## Work request
Here the job is to print all of the entries below verbatim and leave out any picture.
____
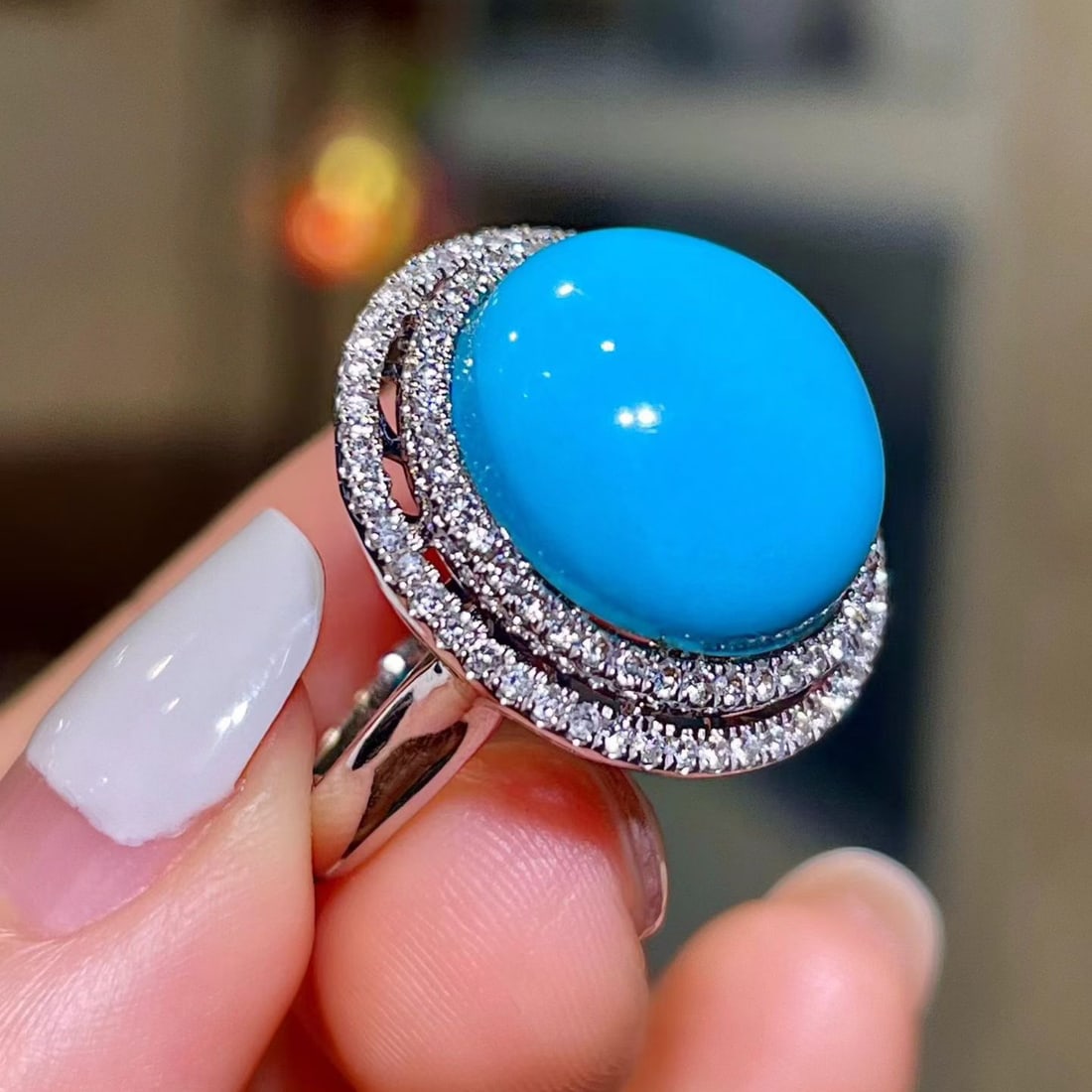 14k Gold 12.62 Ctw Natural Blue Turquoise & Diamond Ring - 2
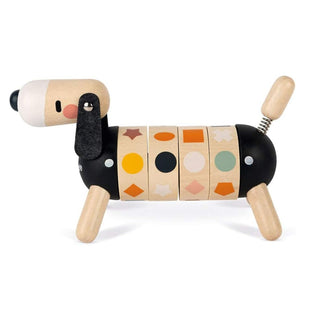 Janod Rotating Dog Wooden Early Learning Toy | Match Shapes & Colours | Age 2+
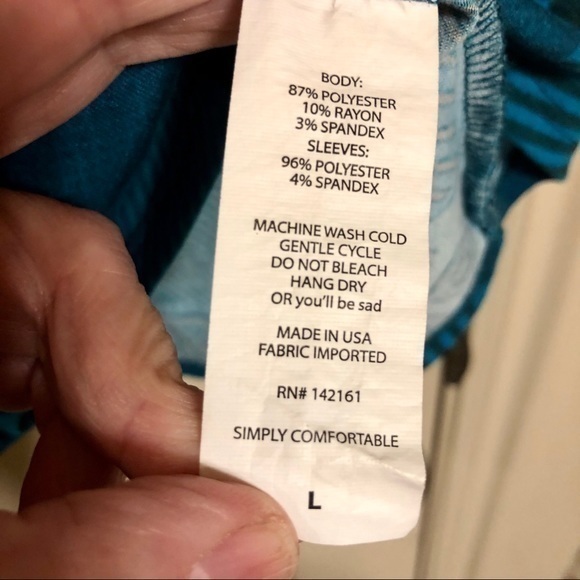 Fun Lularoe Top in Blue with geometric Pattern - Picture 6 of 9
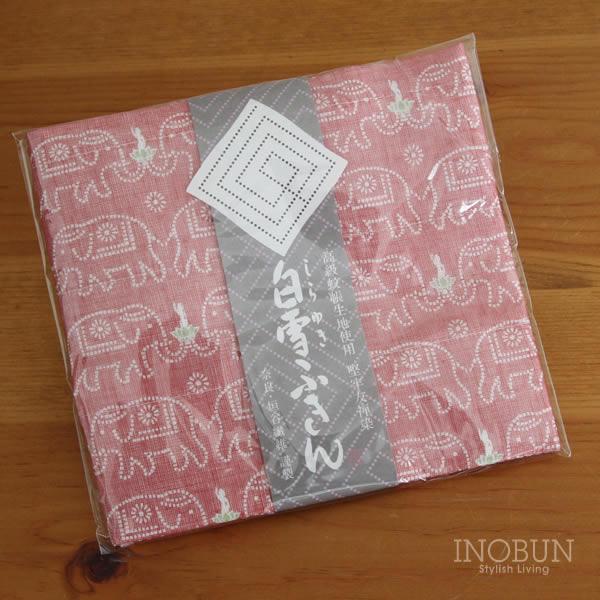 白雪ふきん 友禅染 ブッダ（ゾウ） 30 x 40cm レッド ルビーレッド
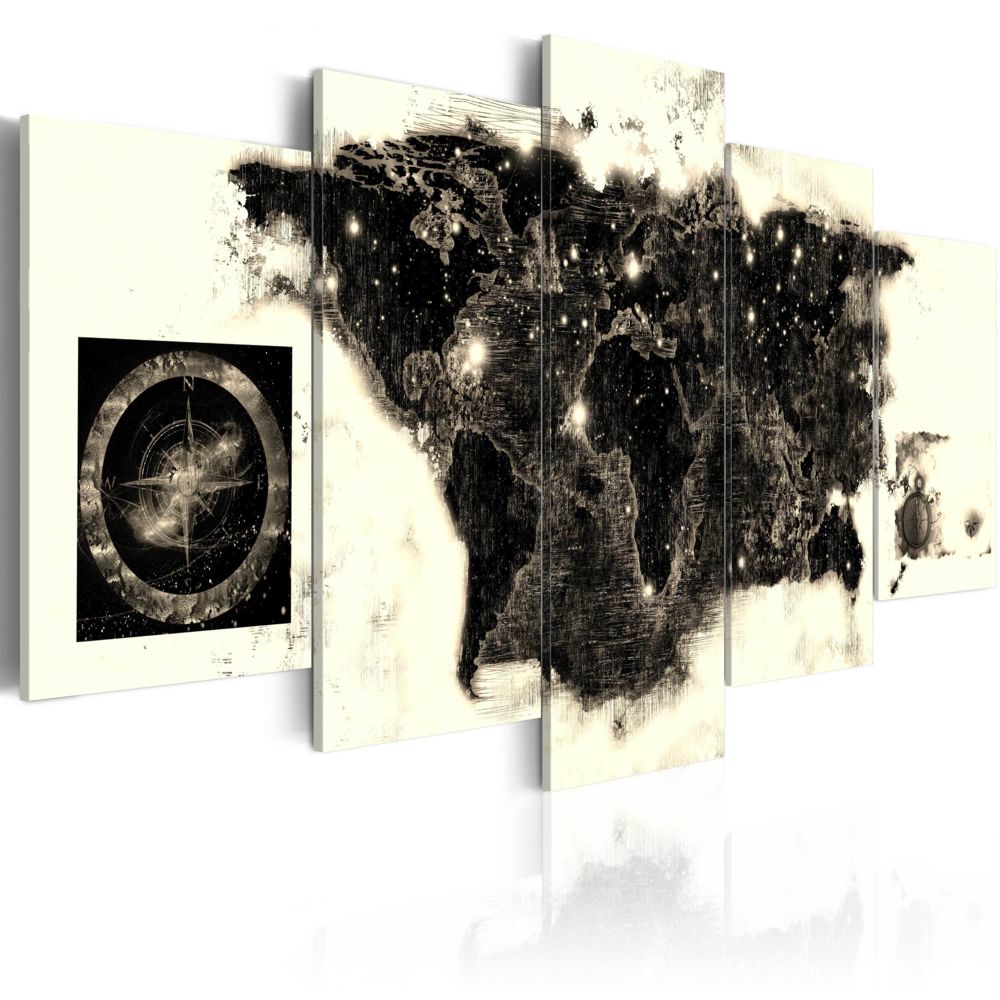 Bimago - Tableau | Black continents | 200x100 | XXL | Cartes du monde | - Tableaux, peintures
____
## Your solution
 14k Gold 12.62 Ctw Natural Blue Turquoise & Diamond Ring - 2
 Janod Rotating Dog Wooden Early Learning Toy | Match Shapes & Colours | Age 2+
 Fun Lularoe Top in Blue with geometric Pattern - Picture 6 of 9
 白雪ふきん 友禅染 ブッダ（ゾウ） 30 x 40cm レッド ルビーレッド
 Bimago - Tableau | Black continents | 200x100 | XXL | Cartes du monde | - Tableaux, peintures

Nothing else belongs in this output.